YOUR TASK: Your output should be the lines below from the one holding "F*ck You Bär | Bügelbild & UV-DTF Sticker" through the one holding "This is a picture of a cafe", transcribed exactly, with no pictures.

::: DATA TO USE

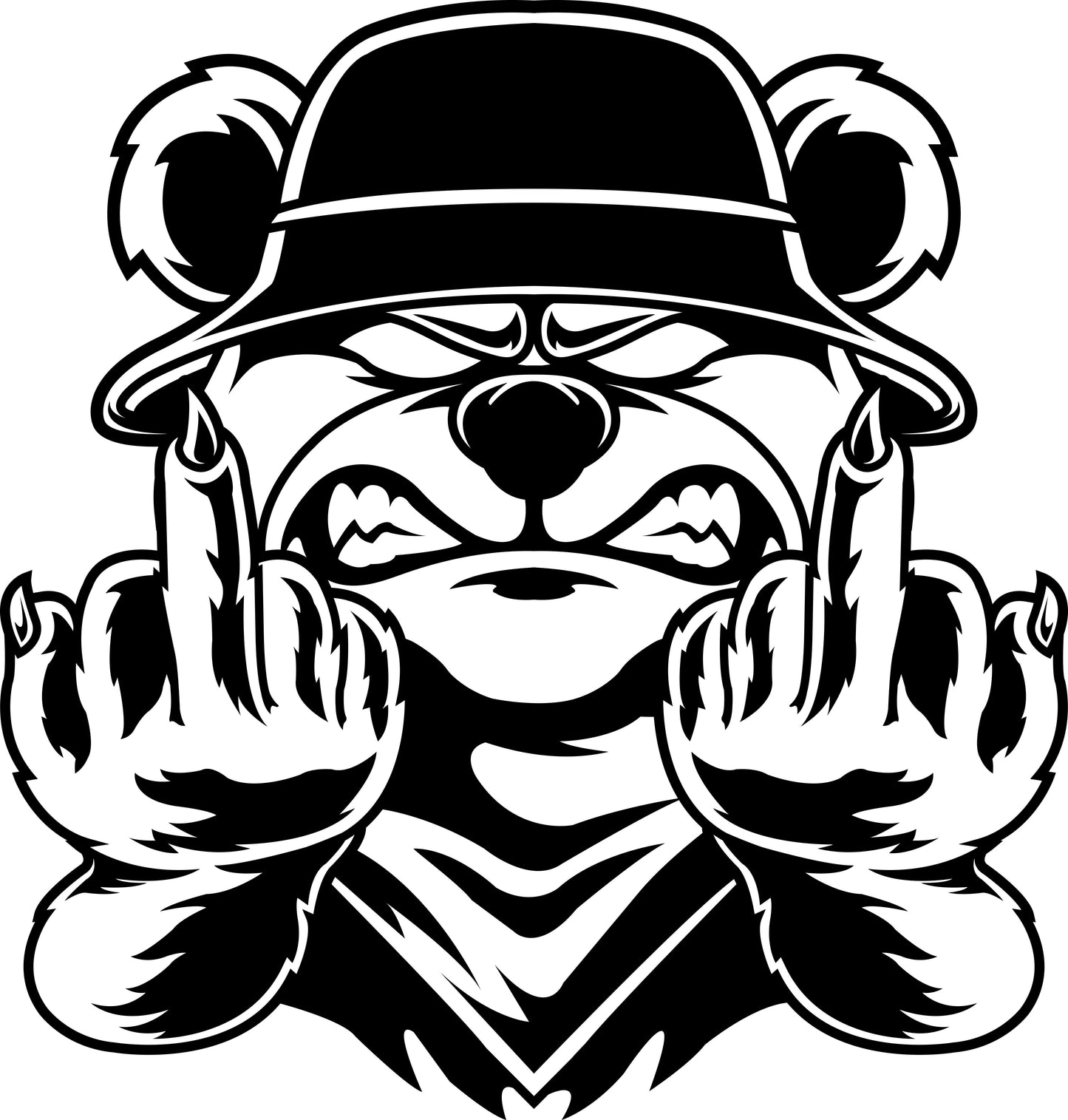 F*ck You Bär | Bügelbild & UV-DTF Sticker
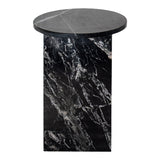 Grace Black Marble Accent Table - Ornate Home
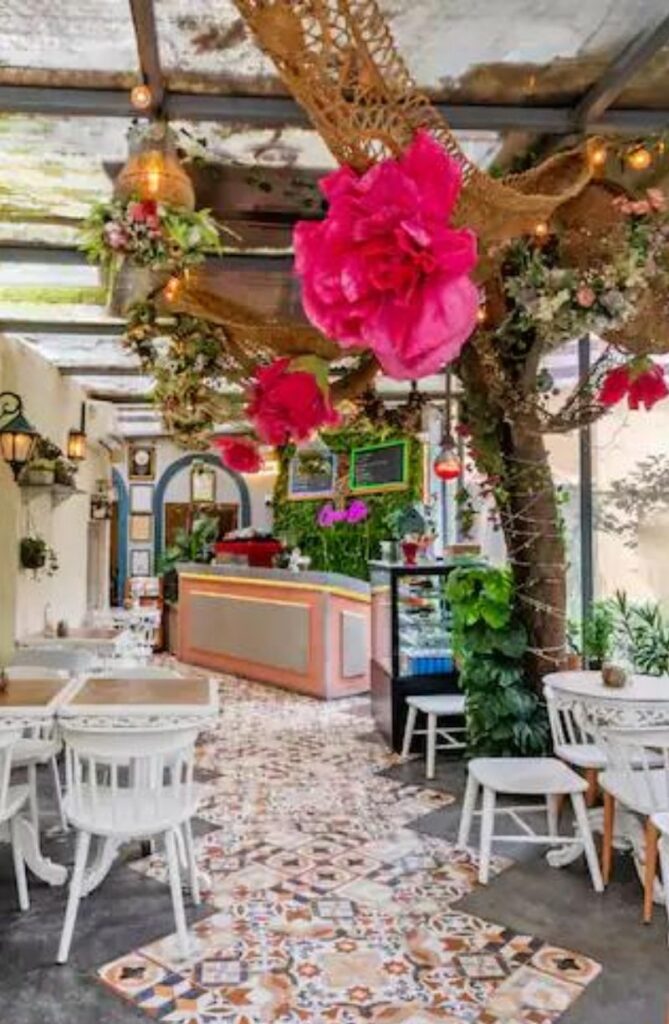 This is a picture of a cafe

::::::
::: DATA TO USE

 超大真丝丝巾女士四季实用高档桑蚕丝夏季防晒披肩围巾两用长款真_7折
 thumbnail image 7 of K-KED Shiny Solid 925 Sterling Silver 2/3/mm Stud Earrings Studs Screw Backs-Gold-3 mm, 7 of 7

::::::

SOLUTION TO THIS TASK:
 F*ck You Bär | Bügelbild & UV-DTF Sticker
 Grace Black Marble Accent Table - Ornate Home
 This is a picture of a cafe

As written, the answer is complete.